TASK OBJECTIVE »
Give the count of lines in the data that include the string "Photo", with no added remarks.

--- GIVEN RECORDS ---

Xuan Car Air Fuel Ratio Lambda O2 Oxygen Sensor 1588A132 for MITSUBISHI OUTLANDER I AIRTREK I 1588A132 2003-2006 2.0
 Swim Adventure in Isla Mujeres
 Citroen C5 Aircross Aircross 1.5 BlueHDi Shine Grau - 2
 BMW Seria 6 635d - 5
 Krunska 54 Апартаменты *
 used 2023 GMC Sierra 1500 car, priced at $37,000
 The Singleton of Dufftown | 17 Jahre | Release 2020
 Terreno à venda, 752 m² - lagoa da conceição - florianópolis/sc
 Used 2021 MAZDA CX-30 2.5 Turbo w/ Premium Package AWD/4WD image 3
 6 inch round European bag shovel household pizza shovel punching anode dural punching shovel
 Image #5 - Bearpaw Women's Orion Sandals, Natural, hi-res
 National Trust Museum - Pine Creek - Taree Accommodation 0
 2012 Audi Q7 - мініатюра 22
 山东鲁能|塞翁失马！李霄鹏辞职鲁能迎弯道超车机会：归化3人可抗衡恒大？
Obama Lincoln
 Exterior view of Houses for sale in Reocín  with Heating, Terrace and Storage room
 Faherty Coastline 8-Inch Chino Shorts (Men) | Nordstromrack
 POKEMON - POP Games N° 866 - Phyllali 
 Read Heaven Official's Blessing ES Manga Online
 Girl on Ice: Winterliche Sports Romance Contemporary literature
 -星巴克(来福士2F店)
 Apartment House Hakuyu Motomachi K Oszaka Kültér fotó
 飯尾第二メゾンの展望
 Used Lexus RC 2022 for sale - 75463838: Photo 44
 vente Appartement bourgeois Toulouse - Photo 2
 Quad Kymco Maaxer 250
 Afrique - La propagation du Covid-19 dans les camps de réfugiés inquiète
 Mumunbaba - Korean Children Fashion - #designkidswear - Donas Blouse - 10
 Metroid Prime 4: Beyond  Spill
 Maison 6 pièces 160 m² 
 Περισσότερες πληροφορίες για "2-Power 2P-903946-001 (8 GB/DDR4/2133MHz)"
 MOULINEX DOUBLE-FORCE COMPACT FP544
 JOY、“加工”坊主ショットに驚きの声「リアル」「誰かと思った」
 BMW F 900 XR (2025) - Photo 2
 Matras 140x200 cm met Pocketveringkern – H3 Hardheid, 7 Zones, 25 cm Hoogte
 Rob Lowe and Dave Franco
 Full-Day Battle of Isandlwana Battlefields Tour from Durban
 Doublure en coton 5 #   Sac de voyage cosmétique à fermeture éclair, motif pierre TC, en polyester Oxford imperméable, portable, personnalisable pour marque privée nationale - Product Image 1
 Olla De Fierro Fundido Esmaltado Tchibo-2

---

REPLY TO THE EXERCISE »
3